Palabra musical contra las guerras
El credo pacifista del Réquiem de guerra inundó anteanoche el Auditori de Barcelona en la primera gran cita musical del Fórum. La monumental partitura del compositor británico Benjamin Britten es un clamoroso canto contra la guerra, contra todas las guerras, que tuvo como supremo guía a Mstislav Rostropóvich, un mito viviente que respira música y combate la intolerancia con la misma energía que derrocha en los escenarios.
El gran músico azerbaiyano se entregó a fondo, con el corazón encogido por la sobrecogedora fuerza expresiva de un canto a la reconciliación que simboliza, como pocas partituras, los valores de paz, convivencia y diversidad cultural que inspiran al Fórum de las Culturas.

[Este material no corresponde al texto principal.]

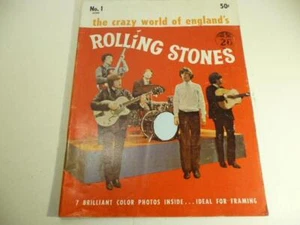 THE CRAZY WORLD OF ENGLAND'S ROLLING STONES-MAGAZINE ACME SUMMER 1964 - Picture 1 of 7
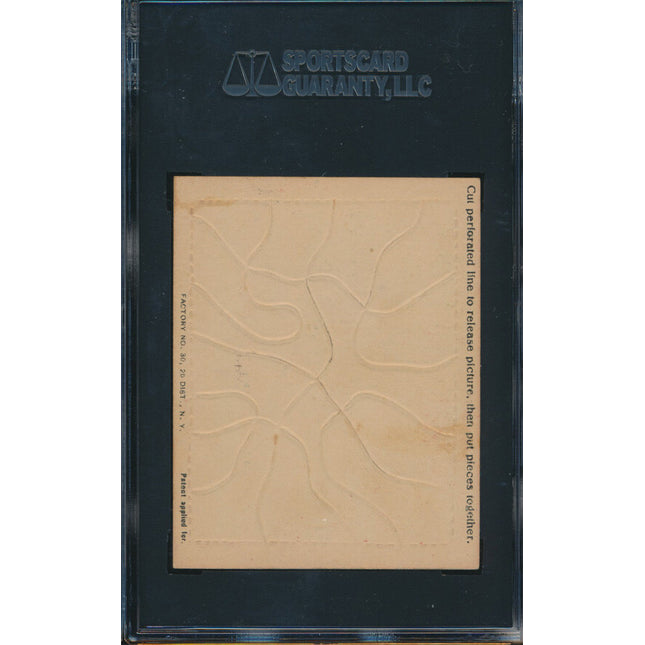 1909-10 Turkish Trophy Cigarettes T76 Unknown Jigsaw Puzzle SGC 5 EX p03491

El carisma de Rostropóvich inspiró a una espectacular plantilla orquestal y coral, integrada por más de trescientas personas, en un despliegue de efectivos que impresionó, de entrada, al público, que en la noche del viernes casi llenó el Auditorio. El Réquiem de guerra dejó sin aliento al público que asistió en 1962 a la ceremonia de reconsagración de la catedral de Coventry, reducida a escombros por los bombardeos de la Luftwaffe alemana en 1940, en mayo de 1962. Más de cuarenta años después de su estreno, su mensaje de reconciliación sigue vivo, como una elocuente palabra musical contra la barbarie bélica que Rostropóvich, amigo de Britten y declarado pacifista, dirigió con el corazón en un puño.
La energía y la convicción del genial violonchelista y director de orquesta azerbaiyano disparó la temperatura emocional del concierto. La Orquestra Simfònica de Barcelona i Nacional de Catalunya (OBC) dio la talla en una obra compleja, con su plantilla reforzada y desdoblada en dos formaciones, una sinfónica y una de cámara. Una entusiasta masa coral, integrada por el Orfeó Català, el Cor Madrigal y la Escolanía de Montserrat, y un soberbio trío de voces solistas formado por la soprano lírica rusa Olga Guryakova, el barítono danés Bo Skovhus y el tenor australiano Steve Davislim, que sólo perdió algo de fuelle al final de la obra.
Sin perderse en detalles, clarificando los planos y buscando siempre la expresividad más directa, Rostropóvich dejó que la música, sin concesiones a la espectacularidad, llegara directamente al corazón del público. Sin abusar de los contrastes dinámicos, logró clímax sonoros de enorme impacto y momentos de indescriptible belleza lírica.